● **TASK OBJECTIVE**: Transcribe only the stretch of lines that opens with the line containing "A fenced tennis" and closes with the last line of the listing, skipping pictures.

● **DATA BELOW**:
———
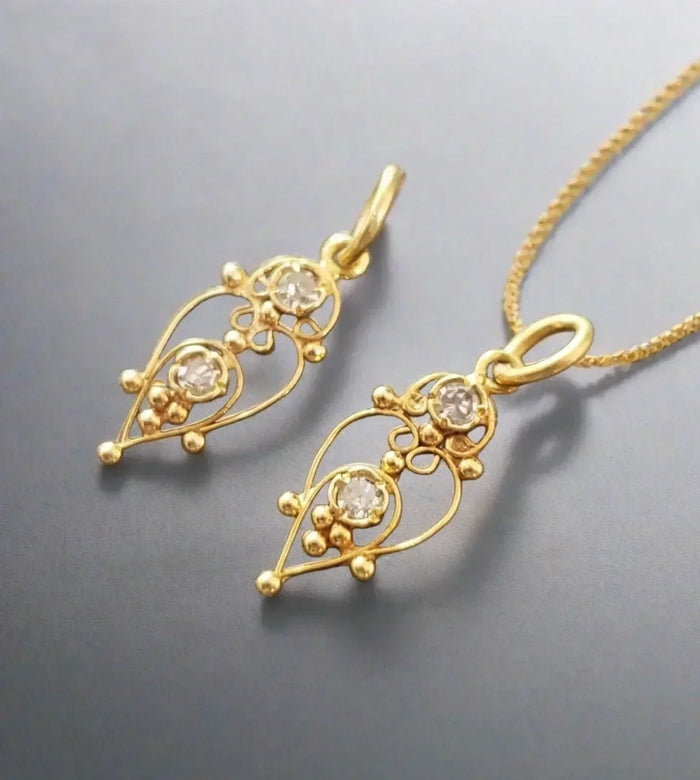 Elegant gold pendant with diamond accents, intricate filigree design, perfect for sophisticated jewelry lovers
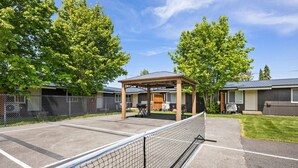 A fenced tennis court with a covered seating area, a building with a porch, and a grassy area with trees. - Family Stay Near Glacier + Whitefish w/ Pickleball (Columbia Falls)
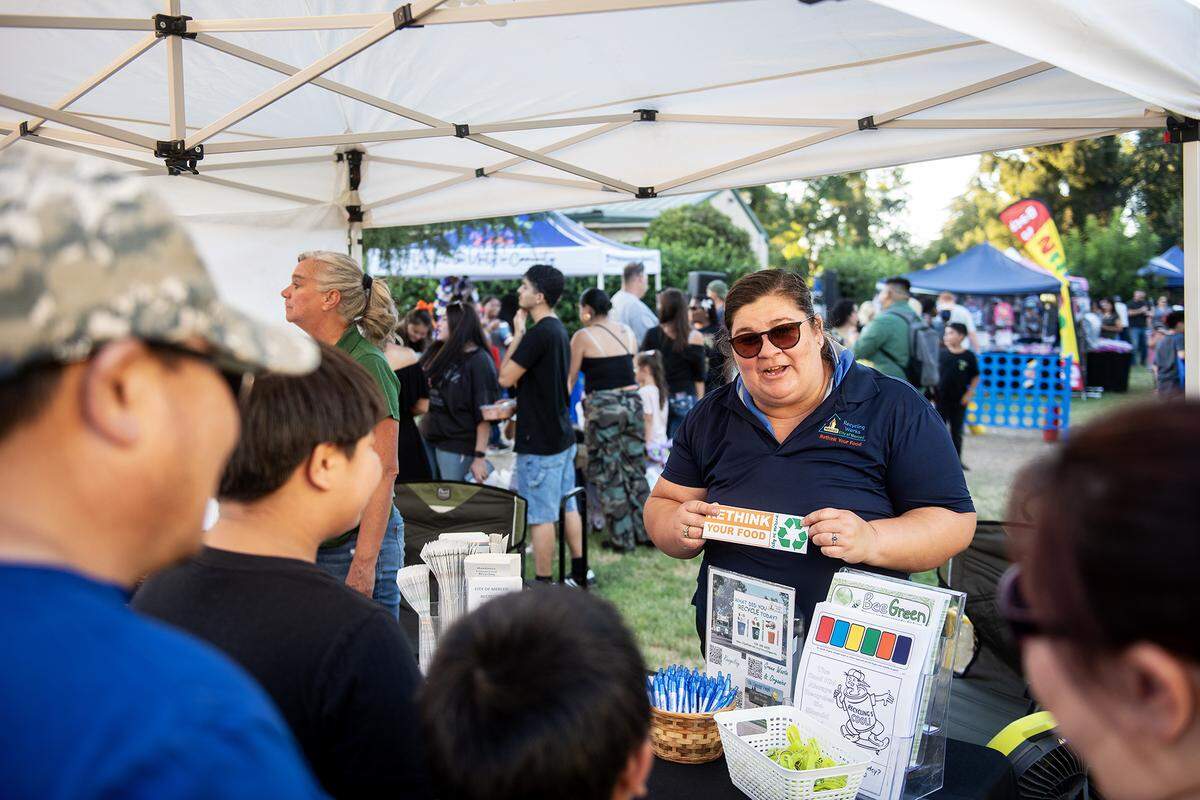City of Merced Recycling Coordinator Monique Gama, speaks with members of the community during the National Night Out event at Applegate Park in Merced, Calif., on Tuesday, Aug. 5, 2025.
———
● **THE ANSWER**:
 A fenced tennis court with a covered seating area, a building with a porch, and a grassy area with trees. - Family Stay Near Glacier + Whitefish w/ Pickleball (Columbia Falls)
City of Merced Recycling Coordinator Monique Gama, speaks with members of the community during the National Night Out event at Applegate Park in Merced, Calif., on Tuesday, Aug. 5, 2025.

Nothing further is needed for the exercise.